====== Information given ======

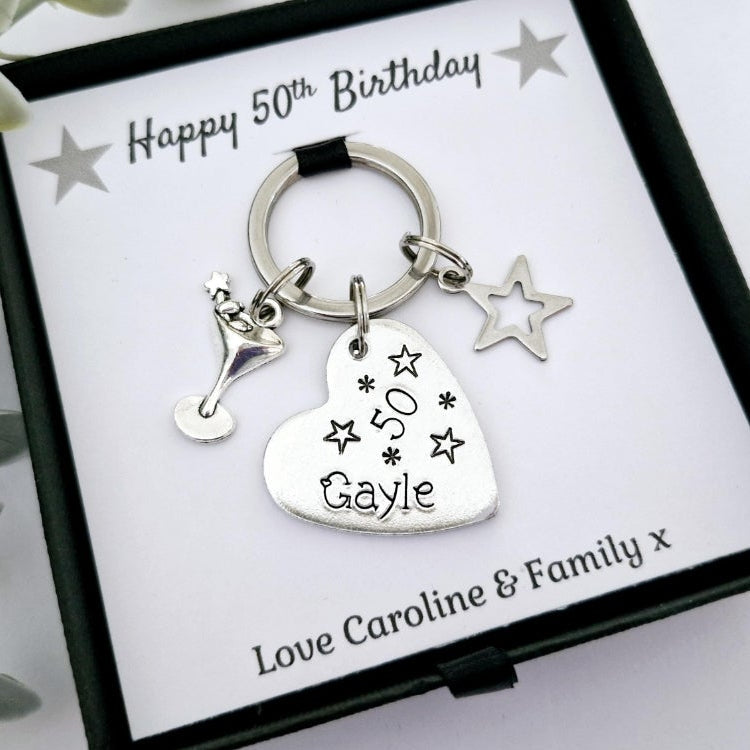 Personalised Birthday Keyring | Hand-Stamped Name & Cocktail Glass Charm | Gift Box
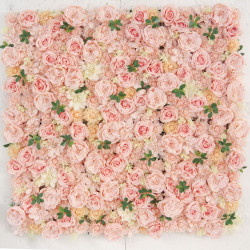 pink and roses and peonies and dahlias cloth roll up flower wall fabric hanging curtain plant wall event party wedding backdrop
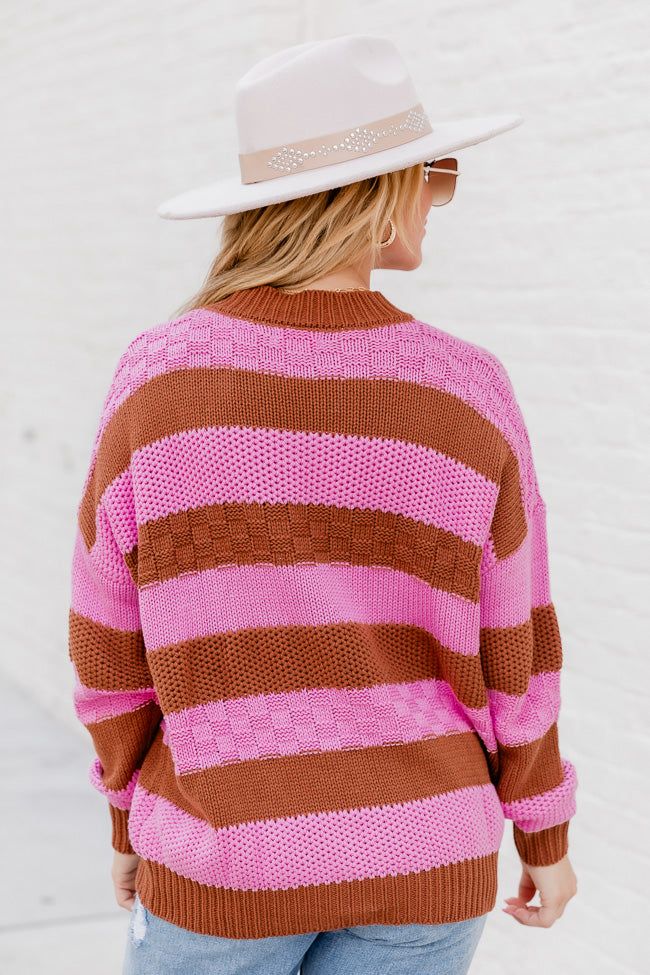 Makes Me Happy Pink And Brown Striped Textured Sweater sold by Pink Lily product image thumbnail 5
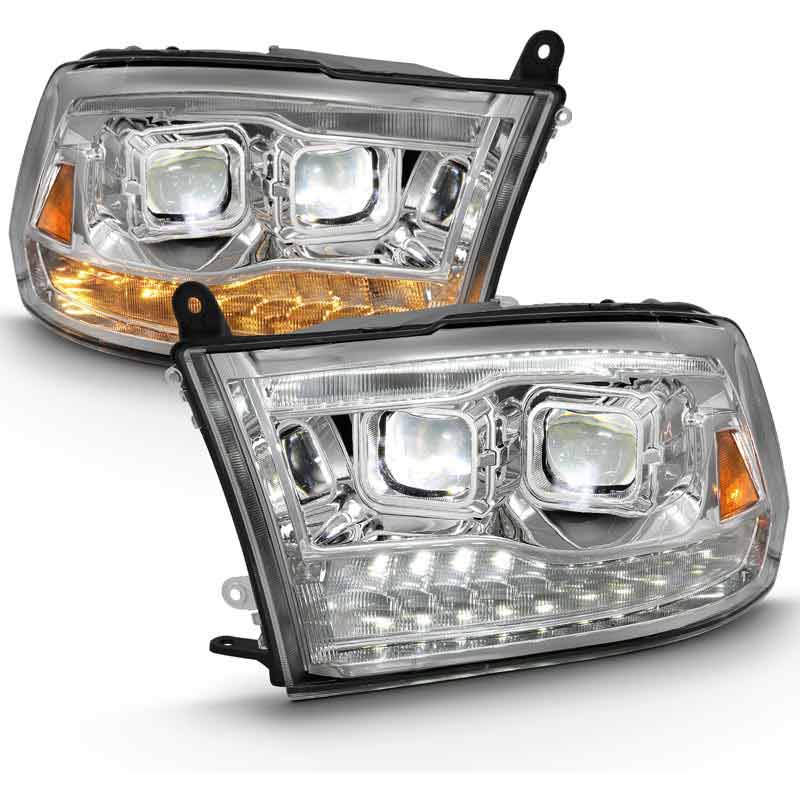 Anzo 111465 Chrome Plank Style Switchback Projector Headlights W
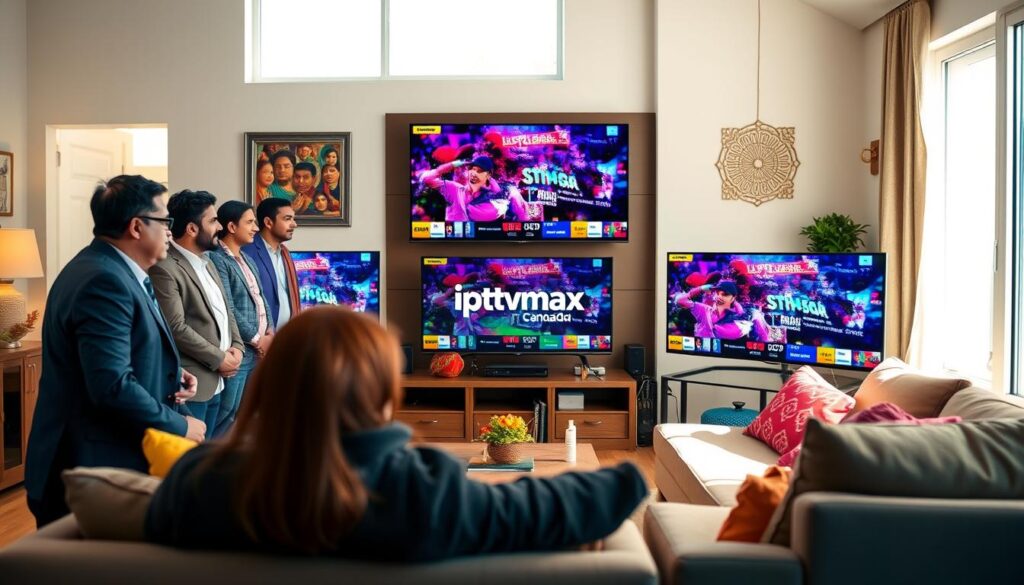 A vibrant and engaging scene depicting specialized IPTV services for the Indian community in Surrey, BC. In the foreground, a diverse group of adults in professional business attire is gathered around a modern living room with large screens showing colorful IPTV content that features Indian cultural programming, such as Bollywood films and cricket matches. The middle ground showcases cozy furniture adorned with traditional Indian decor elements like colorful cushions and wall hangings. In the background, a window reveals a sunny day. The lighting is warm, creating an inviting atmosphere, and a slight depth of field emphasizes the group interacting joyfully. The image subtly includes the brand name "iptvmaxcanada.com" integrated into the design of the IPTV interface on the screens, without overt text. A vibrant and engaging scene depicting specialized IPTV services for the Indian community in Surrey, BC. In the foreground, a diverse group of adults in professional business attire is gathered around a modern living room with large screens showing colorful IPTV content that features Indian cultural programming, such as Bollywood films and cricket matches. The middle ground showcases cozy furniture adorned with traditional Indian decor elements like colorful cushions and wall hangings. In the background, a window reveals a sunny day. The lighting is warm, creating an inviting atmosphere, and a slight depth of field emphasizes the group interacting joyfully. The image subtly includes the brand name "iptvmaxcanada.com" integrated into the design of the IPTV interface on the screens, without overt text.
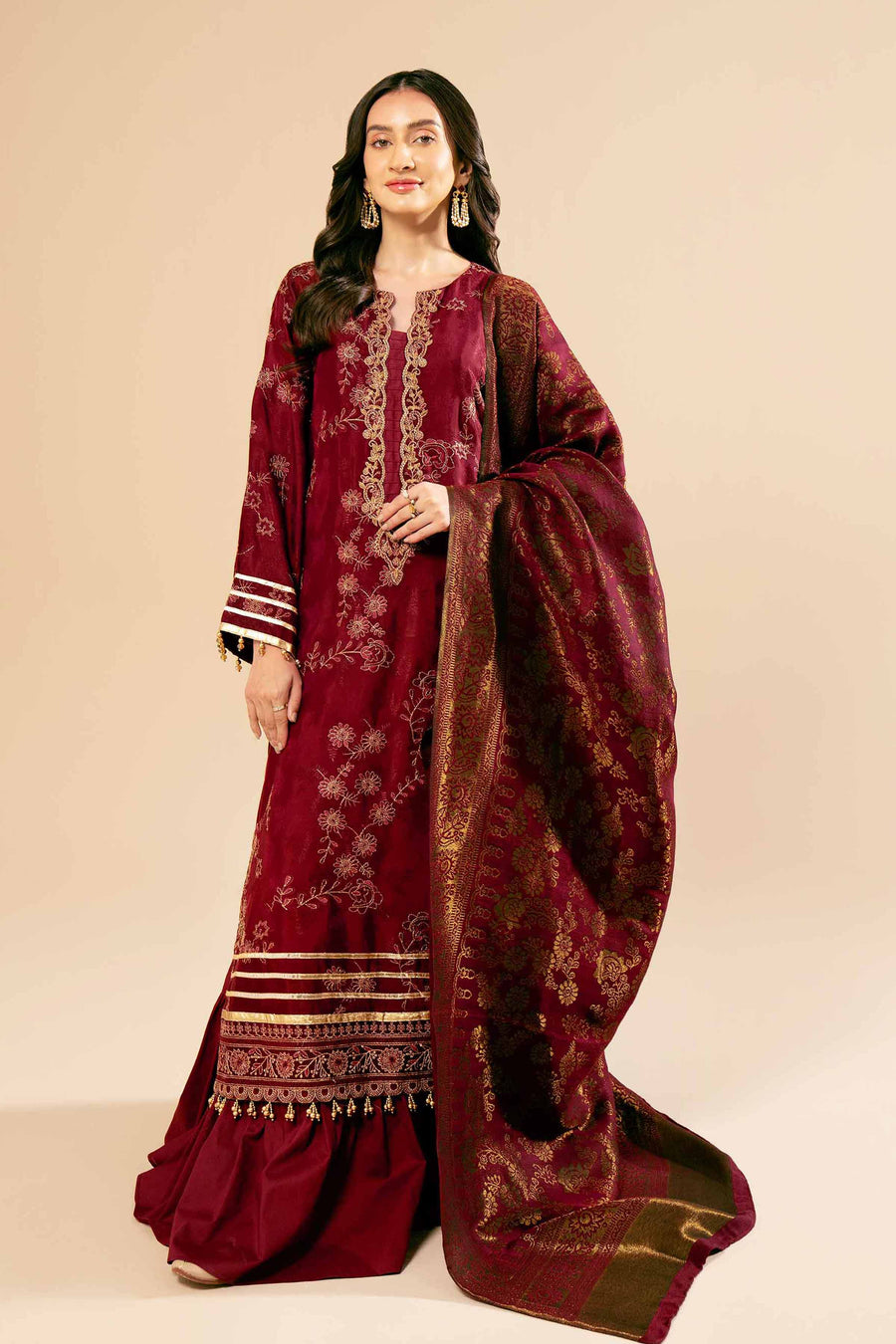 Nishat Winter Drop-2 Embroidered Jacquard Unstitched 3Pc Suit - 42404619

======

• **Exercise objective**
Return the records exactly as they stand, and drop every picture.

• **Answer box**
 Personalised Birthday Keyring | Hand-Stamped Name & Cocktail Glass Charm | Gift Box
 pink and roses and peonies and dahlias cloth roll up flower wall fabric hanging curtain plant wall event party wedding backdrop
 Makes Me Happy Pink And Brown Striped Textured Sweater sold by Pink Lily product image thumbnail 5
 Anzo 111465 Chrome Plank Style Switchback Projector Headlights W
 A vibrant and engaging scene depicting specialized IPTV services for the Indian community in Surrey, BC. In the foreground, a diverse group of adults in professional business attire is gathered around a modern living room with large screens showing colorful IPTV content that features Indian cultural programming, such as Bollywood films and cricket matches. The middle ground showcases cozy furniture adorned with traditional Indian decor elements like colorful cushions and wall hangings. In the background, a window reveals a sunny day. The lighting is warm, creating an inviting atmosphere, and a slight depth of field emphasizes the group interacting joyfully. The image subtly includes the brand name "iptvmaxcanada.com" integrated into the design of the IPTV interface on the screens, without overt text. A vibrant and engaging scene depicting specialized IPTV services for the Indian community in Surrey, BC. In the foreground, a diverse group of adults in professional business attire is gathered around a modern living room with large screens showing colorful IPTV content that features Indian cultural programming, such as Bollywood films and cricket matches. The middle ground showcases cozy furniture adorned with traditional Indian decor elements like colorful cushions and wall hangings. In the background, a window reveals a sunny day. The lighting is warm, creating an inviting atmosphere, and a slight depth of field emphasizes the group interacting joyfully. The image subtly includes the brand name "iptvmaxcanada.com" integrated into the design of the IPTV interface on the screens, without overt text.
 Nishat Winter Drop-2 Embroidered Jacquard Unstitched 3Pc Suit - 42404619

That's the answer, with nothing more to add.